A second possible scenario describes the observed transition to be induced directly by bond-reorientation through electron interaction or radiolysis. The motion of water molecules in vitrified amorphous ice has been reported in other EM studies.[7,34,35,43] Some measurements[7] showed that water molecules move ∼1 Å [root mean square (rms) distance] for each e–/Å2, leading to a pseudo-Brownian motion of embedded particles. The same mechanism that leads to this motion of water molecules may also drive the metastable HDA into the more stable state LDA. LDA is a nonequilibrium state itself, and one might assume that the process continues until the equilibrium crystalline state is reached. The lack of crystallization after doubling the dose indicates the limitation of this process at the given flux. Active heating of the stage as shown in Figure leads to direct crystallization of the whole sample. How does the observed motion[7] compare to the diffusive behavior of ultraviscous water? Measurements using X-ray photon correlation spectroscopy recently revealed that the observed transition happens in a diffusive manner by determining the diffusion coefficients during the eHDA–HDL–LDL transition.[21] This study[21] determined the diffusion coefficient for HDL at 115 K to be D = 0.8 nm2/s, which leads to a rms distance of ∼2 nm/s. Assuming a dose rate of 1 e–/Å2 s, there is a discrepancy of around 1 order of magnitude between the thermally induced motion and the beam-induced Brownian motion.

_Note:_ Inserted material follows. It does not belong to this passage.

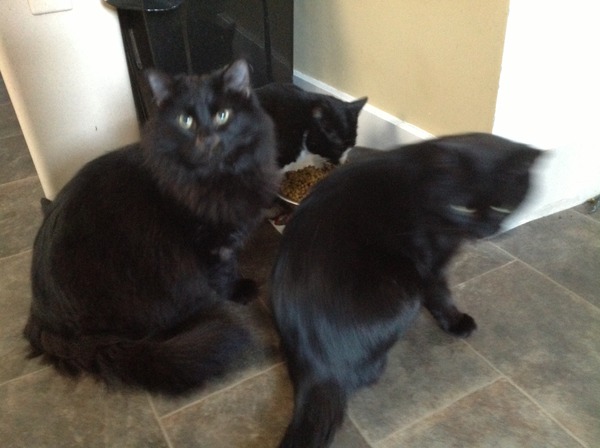 How many cats does everyone have?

To summarize, under the conditions used in this cryo-EM study, the observed high- to low-density transition can be explained by two mechanisms: (1) local heating due to low thermal conductivity of HDA, the exothermic character of the observed transition as well as limitations of the new sample preparation method and (2) pseudo-Brownian motion of water molecules due to bond reorientation induced by the electron beam. We conclude that the combination of both processes causes the sample to undergo a first-order like phase transition through a glass transition.